The humility of the Word of God become flesh is for us a constant exhortation and a cure for pride. The eternal Word humbled himself, abandoned his divine prerogatives and grandeur (Philipians 2:6-7) and chose to be born a poor child in a manger. If he had appeared in the glory of his divinity, he would have blinded us, and we would not have considered him one of us, a member of our human family. His modest birth is an example for us. If God became as the poorest of the poor and needy among the needy, can there then be any other way forward in our journey toward eternal happiness, than overcoming our pride and practicing the humility and simplicity encouraged by the example of one who, "though he was rich, yet... became poor, so that by his poverty [we] might become rich" (2 Corinthians 8:9)? He thus founded the principles of sharing and solidarity. The financial problems affecting the world today stem from the fact that the world has forgotten the poor. Christmas has always been a cry that has disturbed the conscience of the materialistic world, which rests on its first principles of competitiveness and an unbridled race to enrichment at the expense of the poor. When men refuse to share worldly goods in a spirit of solidarity, money becomes and idol; and then they must pay for their separation from God. Following the recent downturn in the global economy and the crisis of unemployment, it is time that the world accept the primacy of the values of moderation and sharing. These values alone are able to revive the global economy. Indeed, "what will it profit a man, if he gains the whole world and forfeits his life?" (Matthew 16: 26).
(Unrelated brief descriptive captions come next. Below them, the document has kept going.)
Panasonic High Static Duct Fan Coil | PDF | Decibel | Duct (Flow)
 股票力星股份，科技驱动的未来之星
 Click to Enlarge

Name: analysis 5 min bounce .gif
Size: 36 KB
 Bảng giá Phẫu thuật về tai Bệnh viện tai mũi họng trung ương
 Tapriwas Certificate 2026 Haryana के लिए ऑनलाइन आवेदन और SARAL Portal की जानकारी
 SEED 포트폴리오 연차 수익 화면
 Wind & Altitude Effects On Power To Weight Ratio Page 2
Jesus Christ in his homeland
On behalf of all the faithful of the parishes of Jordan, Palestine, Israel and Cyprus, and on behalf of the faithful of Bethlehem, the fellow citizens of Jesus, I address myself to all believers throughout the world, and I urge them to pray for this Holy Land. It is a land that suffers and that hopes. Its inhabitants are brothers who see each other as enemies. When will we realize that a land deserves the adjective "holy" only when the man who lives there becomes holy? This land will deserve to be called "holy" when she breathes freedom, justice, love, reconciliation, peace and security.
Besides, how can we experience the joy of Christmas, while we continue to see the drama that accompanied the historic Birth of Christ? Christ had no home in Bethlehem and many of our fellow citizens are homeless because of the unrighteousness of men; hundreds of thousands of people have emigrated to seek a better quality of life because of the difficulty of living in this country and the insecurity; others are attempting to leave the land of their forefathers, the land sanctified by the mystery of the Incarnation of God.
How are we to feel the joy and celebration as we commemorate the first anniversary of the war and the tragedy of Gaza? The siege of the city is stifling the freedom of movement and transport is hindered. Many families are separated.
However, nothing keeps us from singing and invoking the Lord: "O that thou wouldst rend the heavens and come down!" (Isaiah 63:19) "Rorate coeli desuper and Nuber pluant justum" ("Shower, O heavens, from above, and let the skies rain down righteousness!" Catholic Advent Liturgy). Lord, you are Emmanuel, "God with us" (Matthew 1:23). We too want to be with you. May you, by the star of your grace, lead towards your "manger" men in conflict and government leaders who have the power to decide and who hold the destiny of mankind in their hands. May they know the whole Christmas message, a message that teaches humility, and at the same time restores to man his dignity as son of God!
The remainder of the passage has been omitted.